(Dataset records)
+---+

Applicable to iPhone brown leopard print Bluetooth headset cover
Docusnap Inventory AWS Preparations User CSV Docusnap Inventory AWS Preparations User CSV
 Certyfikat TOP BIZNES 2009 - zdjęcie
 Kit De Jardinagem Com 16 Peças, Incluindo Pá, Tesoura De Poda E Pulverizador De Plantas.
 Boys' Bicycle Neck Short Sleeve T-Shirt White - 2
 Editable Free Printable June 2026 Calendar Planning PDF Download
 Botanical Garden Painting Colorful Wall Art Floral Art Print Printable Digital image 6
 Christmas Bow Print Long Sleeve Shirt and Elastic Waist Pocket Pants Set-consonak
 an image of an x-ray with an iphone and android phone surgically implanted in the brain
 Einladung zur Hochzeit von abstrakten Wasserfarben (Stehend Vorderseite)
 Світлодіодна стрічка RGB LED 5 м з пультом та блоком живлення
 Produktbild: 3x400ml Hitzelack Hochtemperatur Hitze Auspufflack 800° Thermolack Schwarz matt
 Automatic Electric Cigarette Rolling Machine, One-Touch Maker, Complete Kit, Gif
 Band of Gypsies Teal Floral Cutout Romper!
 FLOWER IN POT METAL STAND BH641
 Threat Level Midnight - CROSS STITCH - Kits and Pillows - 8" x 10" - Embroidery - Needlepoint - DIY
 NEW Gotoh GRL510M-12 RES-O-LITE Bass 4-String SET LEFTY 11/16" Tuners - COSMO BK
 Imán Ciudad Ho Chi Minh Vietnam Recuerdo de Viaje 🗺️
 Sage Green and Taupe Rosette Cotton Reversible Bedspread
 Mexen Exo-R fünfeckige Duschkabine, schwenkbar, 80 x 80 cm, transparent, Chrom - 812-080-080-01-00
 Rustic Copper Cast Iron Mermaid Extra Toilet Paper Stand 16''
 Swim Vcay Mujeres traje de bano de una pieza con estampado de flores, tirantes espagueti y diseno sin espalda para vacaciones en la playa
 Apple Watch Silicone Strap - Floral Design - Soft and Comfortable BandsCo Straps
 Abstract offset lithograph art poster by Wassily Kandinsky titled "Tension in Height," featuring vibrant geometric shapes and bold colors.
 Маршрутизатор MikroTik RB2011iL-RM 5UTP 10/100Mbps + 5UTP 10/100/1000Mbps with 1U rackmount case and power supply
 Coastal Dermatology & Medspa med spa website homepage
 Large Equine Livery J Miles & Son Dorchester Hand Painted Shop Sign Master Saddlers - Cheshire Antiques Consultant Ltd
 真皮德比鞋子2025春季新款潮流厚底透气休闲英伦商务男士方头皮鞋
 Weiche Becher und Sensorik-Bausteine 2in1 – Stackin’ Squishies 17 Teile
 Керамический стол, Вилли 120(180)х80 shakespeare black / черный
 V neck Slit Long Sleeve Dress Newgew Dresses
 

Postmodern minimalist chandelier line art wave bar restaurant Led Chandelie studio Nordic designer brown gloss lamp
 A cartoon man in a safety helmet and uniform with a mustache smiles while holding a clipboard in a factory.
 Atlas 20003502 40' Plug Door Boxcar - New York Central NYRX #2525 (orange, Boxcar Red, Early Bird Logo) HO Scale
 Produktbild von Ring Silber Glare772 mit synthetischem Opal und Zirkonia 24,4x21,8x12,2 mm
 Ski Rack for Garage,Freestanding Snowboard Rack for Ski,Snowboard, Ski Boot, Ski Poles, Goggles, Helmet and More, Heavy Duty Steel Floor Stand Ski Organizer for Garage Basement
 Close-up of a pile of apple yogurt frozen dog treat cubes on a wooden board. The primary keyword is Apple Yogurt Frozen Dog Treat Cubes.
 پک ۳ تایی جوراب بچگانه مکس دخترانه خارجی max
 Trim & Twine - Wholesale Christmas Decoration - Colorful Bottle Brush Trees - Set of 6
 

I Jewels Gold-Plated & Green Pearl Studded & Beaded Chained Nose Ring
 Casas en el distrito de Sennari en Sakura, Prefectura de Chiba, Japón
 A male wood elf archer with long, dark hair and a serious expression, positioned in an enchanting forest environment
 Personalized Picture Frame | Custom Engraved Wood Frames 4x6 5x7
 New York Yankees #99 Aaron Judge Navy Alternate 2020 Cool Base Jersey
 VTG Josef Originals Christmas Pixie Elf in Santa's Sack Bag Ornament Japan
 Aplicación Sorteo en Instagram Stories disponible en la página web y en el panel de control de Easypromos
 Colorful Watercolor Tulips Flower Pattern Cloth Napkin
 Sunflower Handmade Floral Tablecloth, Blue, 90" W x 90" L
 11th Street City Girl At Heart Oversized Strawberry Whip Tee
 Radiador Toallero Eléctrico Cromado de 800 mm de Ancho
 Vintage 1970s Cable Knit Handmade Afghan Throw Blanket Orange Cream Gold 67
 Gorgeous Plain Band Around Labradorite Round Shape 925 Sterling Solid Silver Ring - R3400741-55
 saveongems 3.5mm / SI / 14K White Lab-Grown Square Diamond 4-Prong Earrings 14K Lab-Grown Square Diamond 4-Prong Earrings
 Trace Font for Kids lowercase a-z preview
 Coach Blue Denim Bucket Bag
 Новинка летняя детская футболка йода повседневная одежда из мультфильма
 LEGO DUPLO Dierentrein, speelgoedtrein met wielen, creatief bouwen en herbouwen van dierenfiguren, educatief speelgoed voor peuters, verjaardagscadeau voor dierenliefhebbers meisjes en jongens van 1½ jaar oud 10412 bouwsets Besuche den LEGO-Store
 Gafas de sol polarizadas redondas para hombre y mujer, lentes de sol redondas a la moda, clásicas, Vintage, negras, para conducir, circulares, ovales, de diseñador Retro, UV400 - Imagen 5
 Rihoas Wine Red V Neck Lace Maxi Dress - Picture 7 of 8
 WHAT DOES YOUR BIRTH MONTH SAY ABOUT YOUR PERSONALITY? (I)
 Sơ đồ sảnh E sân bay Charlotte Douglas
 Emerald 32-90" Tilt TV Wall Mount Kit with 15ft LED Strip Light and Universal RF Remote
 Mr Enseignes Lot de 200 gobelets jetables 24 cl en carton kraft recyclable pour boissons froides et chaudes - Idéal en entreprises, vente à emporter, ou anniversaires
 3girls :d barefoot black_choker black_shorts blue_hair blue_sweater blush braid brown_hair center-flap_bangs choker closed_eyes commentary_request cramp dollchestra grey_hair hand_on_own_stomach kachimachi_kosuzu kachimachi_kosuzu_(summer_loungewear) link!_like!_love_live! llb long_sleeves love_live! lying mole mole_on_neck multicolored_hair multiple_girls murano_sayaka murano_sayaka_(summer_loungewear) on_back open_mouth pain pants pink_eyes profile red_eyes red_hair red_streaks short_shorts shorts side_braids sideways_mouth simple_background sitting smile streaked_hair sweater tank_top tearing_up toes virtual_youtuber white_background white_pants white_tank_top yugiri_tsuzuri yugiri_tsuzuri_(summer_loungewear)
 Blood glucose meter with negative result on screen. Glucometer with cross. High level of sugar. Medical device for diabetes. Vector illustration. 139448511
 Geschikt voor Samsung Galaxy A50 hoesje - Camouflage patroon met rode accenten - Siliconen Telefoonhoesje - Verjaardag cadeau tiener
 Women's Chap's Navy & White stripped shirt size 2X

+---+

## What you are asked to do:
Among the entries above, find the line with "an image of" and the line with "Sage Green and"; give again exactly these two lines and all lines between them.

## Answer for this exercise:
 an image of an x-ray with an iphone and android phone surgically implanted in the brain
 Einladung zur Hochzeit von abstrakten Wasserfarben (Stehend Vorderseite)
 Світлодіодна стрічка RGB LED 5 м з пультом та блоком живлення
 Produktbild: 3x400ml Hitzelack Hochtemperatur Hitze Auspufflack 800° Thermolack Schwarz matt
 Automatic Electric Cigarette Rolling Machine, One-Touch Maker, Complete Kit, Gif
 Band of Gypsies Teal Floral Cutout Romper!
 FLOWER IN POT METAL STAND BH641
 Threat Level Midnight - CROSS STITCH - Kits and Pillows - 8" x 10" - Embroidery - Needlepoint - DIY
 NEW Gotoh GRL510M-12 RES-O-LITE Bass 4-String SET LEFTY 11/16" Tuners - COSMO BK
 Imán Ciudad Ho Chi Minh Vietnam Recuerdo de Viaje 🗺️
 Sage Green and Taupe Rosette Cotton Reversible Bedspread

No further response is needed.